Eder. Óleo de Irene Gracia
Marcelo Figueras
Esa es la razón por la cual los relatos de Goyen pueden ser tan endiablados, tan frustrantes. A diferencia de lo que suele considerarse el paradigma del cuento perfecto, las historias de Goyen nunca cierran artificialmente –no le proveen al lector la catarsis del argumento redondo, que se completa a sí mismo con un ‘clic’ casi mágico.
Jamás sabremos que fue del señor Stevens de El huésped. Ni de la incansable Rhody. Dentro de los confines que marca El enfermero, tampoco se nos dirá qué fue de Chris, ni del narrador mismo.

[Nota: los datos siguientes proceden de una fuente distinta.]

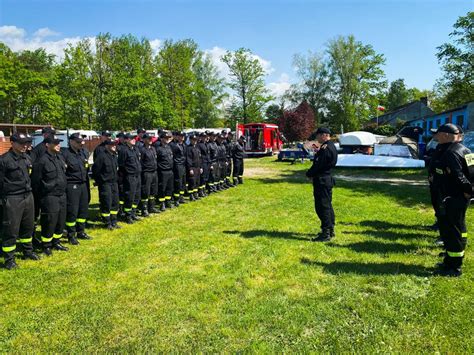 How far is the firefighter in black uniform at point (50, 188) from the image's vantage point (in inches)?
242

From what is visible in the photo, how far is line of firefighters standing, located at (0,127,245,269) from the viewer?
5.72 meters

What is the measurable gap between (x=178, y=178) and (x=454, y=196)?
7.25 metres

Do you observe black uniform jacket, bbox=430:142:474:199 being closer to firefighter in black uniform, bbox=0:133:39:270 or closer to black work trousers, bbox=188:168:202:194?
firefighter in black uniform, bbox=0:133:39:270

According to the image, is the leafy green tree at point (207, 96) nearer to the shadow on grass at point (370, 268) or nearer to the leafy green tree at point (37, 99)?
the leafy green tree at point (37, 99)

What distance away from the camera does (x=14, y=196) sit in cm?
566

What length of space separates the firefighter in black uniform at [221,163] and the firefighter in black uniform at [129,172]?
15.9 ft

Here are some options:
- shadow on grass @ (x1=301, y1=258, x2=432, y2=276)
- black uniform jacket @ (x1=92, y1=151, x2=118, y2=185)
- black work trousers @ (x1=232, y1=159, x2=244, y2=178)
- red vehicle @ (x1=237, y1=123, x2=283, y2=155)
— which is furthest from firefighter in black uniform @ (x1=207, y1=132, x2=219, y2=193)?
red vehicle @ (x1=237, y1=123, x2=283, y2=155)

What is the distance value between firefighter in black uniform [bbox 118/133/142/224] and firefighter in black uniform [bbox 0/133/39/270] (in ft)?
8.64

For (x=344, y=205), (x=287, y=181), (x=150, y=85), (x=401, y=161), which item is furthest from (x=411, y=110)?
(x=344, y=205)

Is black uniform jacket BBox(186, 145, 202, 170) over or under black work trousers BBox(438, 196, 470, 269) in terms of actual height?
over

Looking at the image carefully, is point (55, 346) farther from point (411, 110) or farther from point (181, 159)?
point (411, 110)

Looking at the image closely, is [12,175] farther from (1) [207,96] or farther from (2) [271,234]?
(1) [207,96]

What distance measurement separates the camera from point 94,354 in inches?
137

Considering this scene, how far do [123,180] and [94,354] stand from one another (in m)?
5.50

Para Goyen no es necesario, porque la búsqueda pasa por otro lado. Nada notorio cambiará en el mundo físico, no habrá acciones precipitadas ni resoluciones tranquilizadoras. El cambio verdadero –que más que cambio representa una suerte de certificación- ocurre en el interior de los personajes, en la medida en que acceden a la iluminación a que aspiran.
“Los narradores jóvenes, llenos de pasión, de lengua inquieta, van demasiado rápido y avanzan con vehemencia excesiva. Se saltean, a menudo, hermosas, pequeñas señales de cosas que siempre están allí, a su paso, y que el viajero anciano, en cambio, sabe mirar”, dice el enfermero del cuento homónimo. Lo que importa es dar con el signo adecuado, aquel que sintetiza lo que hace falta saber. Esther Cross traduce atinadamente the shape of my patient como la imagen de mi paciente, pero también podemos traducir shape como forma, y de ese modo leer: “La forma de mi paciente –presten atención a esa palabra- se convirtió en el objeto vivo con el que se relacionaba todo lo que sucedía”. Esa forma precisa –la del cuerpo roto de Chris, la del cuento igualmente roto, o imperfecto a ojos del lego- proporciona todas las piezas que nos hacen falta para decodificar no el argumento (¡que no lo hay!), sino el “despertar” del narrador.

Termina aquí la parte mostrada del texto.